§ TASK DETAILS:
Going through the material below, output exactly the lines from the one containing "Certified 2023 Chevrolet" through the one containing "Certified 2023 Volvo", and no pictures.

§ DATA:
**********
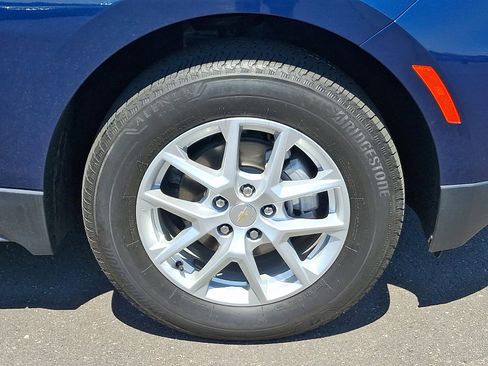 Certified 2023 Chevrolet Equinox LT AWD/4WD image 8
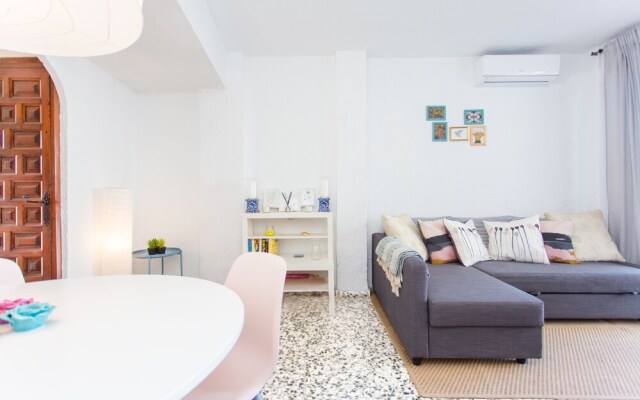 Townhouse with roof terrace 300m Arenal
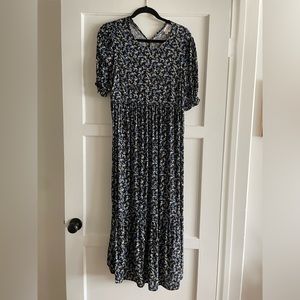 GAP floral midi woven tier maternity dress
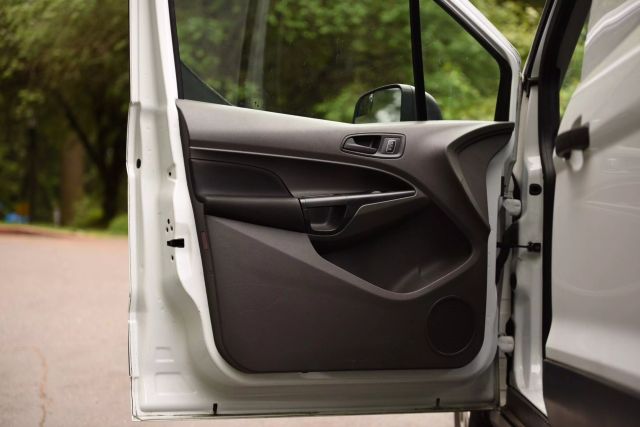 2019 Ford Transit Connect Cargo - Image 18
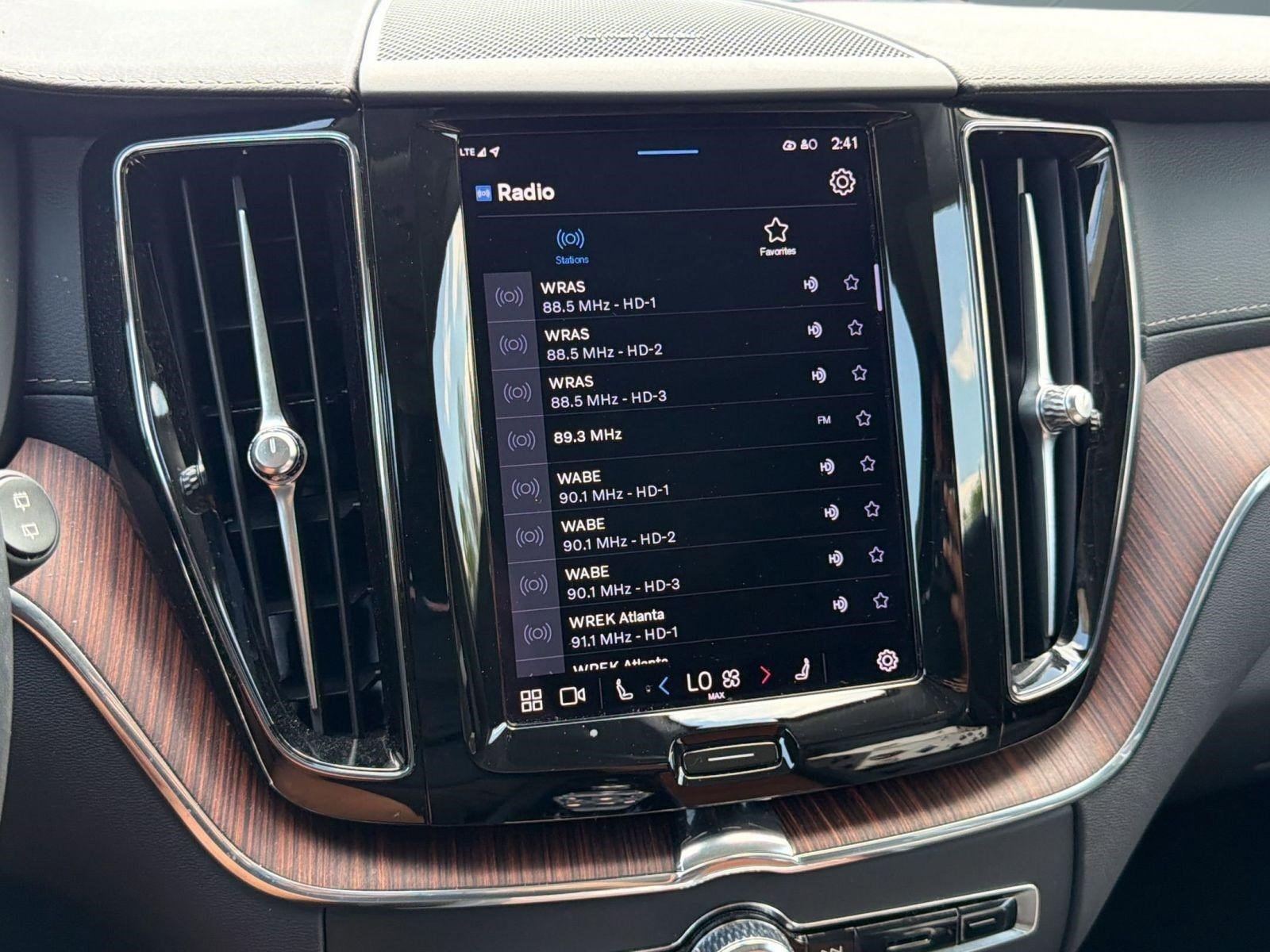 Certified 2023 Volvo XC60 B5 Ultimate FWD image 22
**********
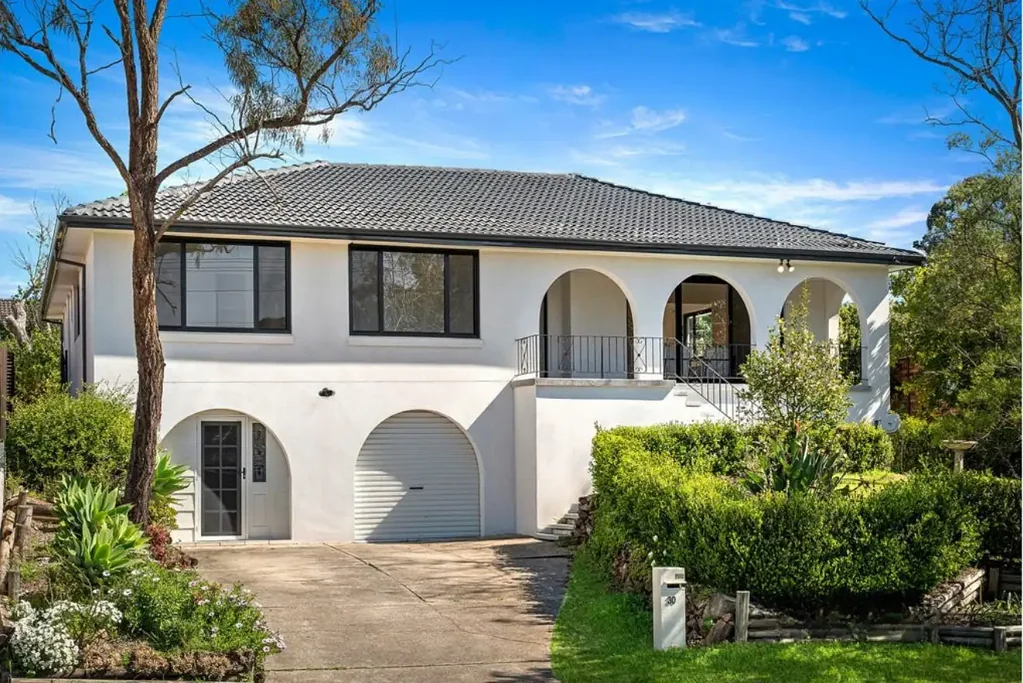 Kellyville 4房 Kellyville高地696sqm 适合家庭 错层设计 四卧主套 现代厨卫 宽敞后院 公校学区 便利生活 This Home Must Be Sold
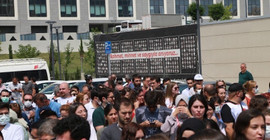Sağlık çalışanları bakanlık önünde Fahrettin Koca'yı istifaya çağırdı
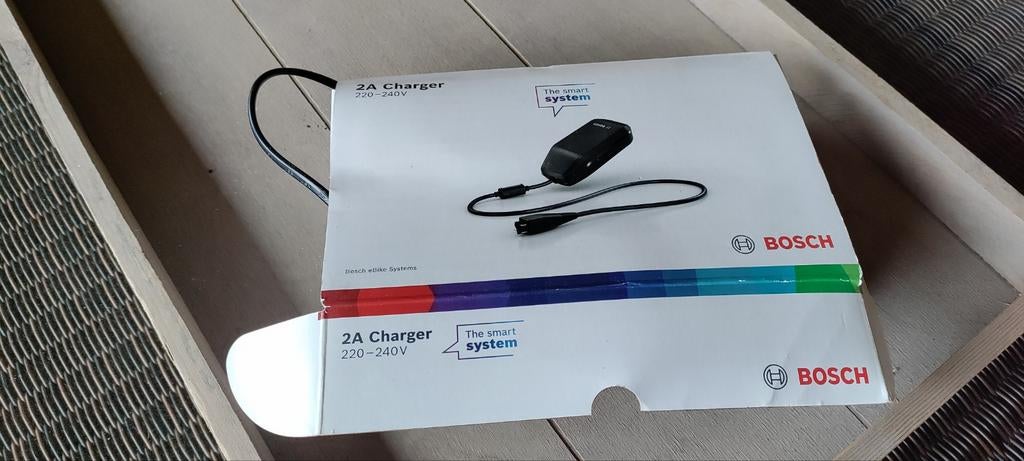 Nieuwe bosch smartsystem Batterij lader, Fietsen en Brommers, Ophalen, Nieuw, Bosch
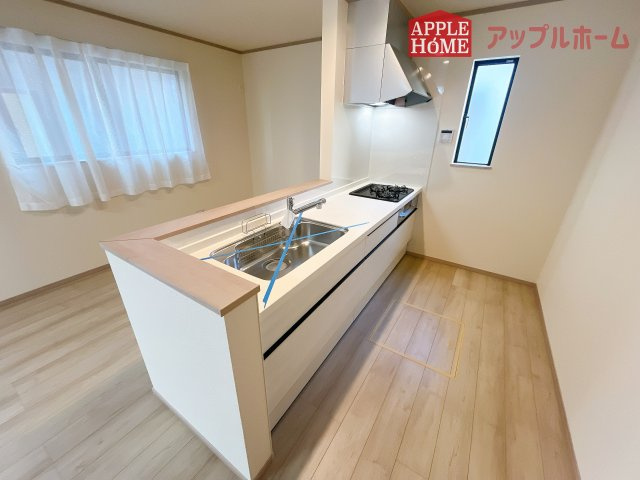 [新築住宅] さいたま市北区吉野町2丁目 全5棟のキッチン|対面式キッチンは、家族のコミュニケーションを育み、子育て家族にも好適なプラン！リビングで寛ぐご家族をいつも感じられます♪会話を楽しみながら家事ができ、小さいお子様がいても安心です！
**********
§ EXERCISE ANSWER:
 Certified 2023 Chevrolet Equinox LT AWD/4WD image 8
 Townhouse with roof terrace 300m Arenal
 GAP floral midi woven tier maternity dress
 2019 Ford Transit Connect Cargo - Image 18
 Certified 2023 Volvo XC60 B5 Ultimate FWD image 22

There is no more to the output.